このエントリを含む beipana というブログがワタシは好きで、力の入ったエントリが書かれるたびに毎度楽しく読ませてもらっている。少し前にこれまでを振り返るエントリが公開され、それを契機にワタシもこのブログの過去ログを再読する機会があったのだが、最初読んだときに気にならなかった疑問が頭をもたげた。

マッシヴ・アタック「Unfinished Sympathy」は、本当に世界初の長回し・ワンカット PV なのだろうか?

一発撮りというなら、この曲以前にも前例はあるはずである。例えば、ホルガー・シューカイの「Cool In The Pool」がそうである。ビデオの制作時期は知らないが、曲自体はおよそ40年前である。

いやいや、定点カメラの前でおっさんが百面相するようなビデオじゃなくて、カメラに動きがなくてはいけないと言われるかもしれない。それなら、ブルース・スプリングスティーンの「Brilliant Disguise」がある。1987年のこの一発撮りの PV は、カメラのズームが主だろうが、カメラ自体も寄りの動きをしているはずである。

いやいや、ただおっさんがスタジオ内で弾き語りするビデオじゃなくて、屋外撮影で映像にストーリーがないといけないと言われるかもしれない。それなら、ニール・ヤングの「Touch The Night」がある。監督は、キュアーのビデオの仕事で知られるティム・ポープである。これはすごいよ。

しかし、である。よく見ると、上の動画だとちょうど2:00にカット割りと思しき箇所がある。残念。

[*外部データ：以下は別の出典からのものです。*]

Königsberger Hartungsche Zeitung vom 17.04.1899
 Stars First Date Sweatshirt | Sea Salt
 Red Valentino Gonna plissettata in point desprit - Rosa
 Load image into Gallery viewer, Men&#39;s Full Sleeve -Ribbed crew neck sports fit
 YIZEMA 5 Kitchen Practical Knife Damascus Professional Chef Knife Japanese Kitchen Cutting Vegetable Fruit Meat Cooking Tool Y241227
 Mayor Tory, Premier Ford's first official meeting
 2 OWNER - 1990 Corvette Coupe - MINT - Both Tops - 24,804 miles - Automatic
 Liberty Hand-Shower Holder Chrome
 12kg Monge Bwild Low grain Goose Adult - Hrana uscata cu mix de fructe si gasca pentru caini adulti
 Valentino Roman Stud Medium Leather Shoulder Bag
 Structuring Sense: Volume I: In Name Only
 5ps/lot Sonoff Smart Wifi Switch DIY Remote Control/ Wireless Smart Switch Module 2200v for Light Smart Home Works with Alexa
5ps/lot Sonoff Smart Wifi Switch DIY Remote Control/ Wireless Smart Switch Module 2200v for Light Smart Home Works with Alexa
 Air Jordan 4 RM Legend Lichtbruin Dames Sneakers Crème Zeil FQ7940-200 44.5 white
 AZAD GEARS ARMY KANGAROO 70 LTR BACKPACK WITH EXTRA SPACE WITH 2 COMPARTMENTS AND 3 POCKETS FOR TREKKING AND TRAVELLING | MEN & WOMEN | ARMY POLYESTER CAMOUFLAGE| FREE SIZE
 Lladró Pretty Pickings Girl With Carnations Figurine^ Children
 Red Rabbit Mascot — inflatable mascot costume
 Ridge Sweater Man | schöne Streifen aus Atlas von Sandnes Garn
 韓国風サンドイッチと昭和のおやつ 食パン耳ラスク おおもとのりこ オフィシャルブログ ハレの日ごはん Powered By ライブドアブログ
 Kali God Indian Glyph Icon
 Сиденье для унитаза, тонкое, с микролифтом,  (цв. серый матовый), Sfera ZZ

こういうとき便利なのが Wikipedia で、調べてみると案の定 List of one shot music videos というページがある。これを見ると、マッシヴ・アタック「Unfinished Sympathy」以前にもワンカット PV があるのが分かる……って、最古はボブ・ディランの「Subterranean Homesick Blues」なのか!

しかし、このリスト、やはり Wikipedia ということでうのみにできなところもある。このリストには、「一発撮りに見えるけどそうでないビデオ」のリストも付いているのだが(ピタゴラスイッチでおなじみ OK Go の「This Too Shall Pass」は、2:27 のカーテンが開くところでカット割りがあるのか!)、カイリー・ミノーグ「Come Into My World」R.E.M.「Imitation Of Life」など、いや、それ絶対違うから! というものまで入っているのに注意が必要である。

とはいえ、上に書いたような条件を課すなら、「Unfinished Sympathy」が多分もっとも古い部類に入るのは間違いない。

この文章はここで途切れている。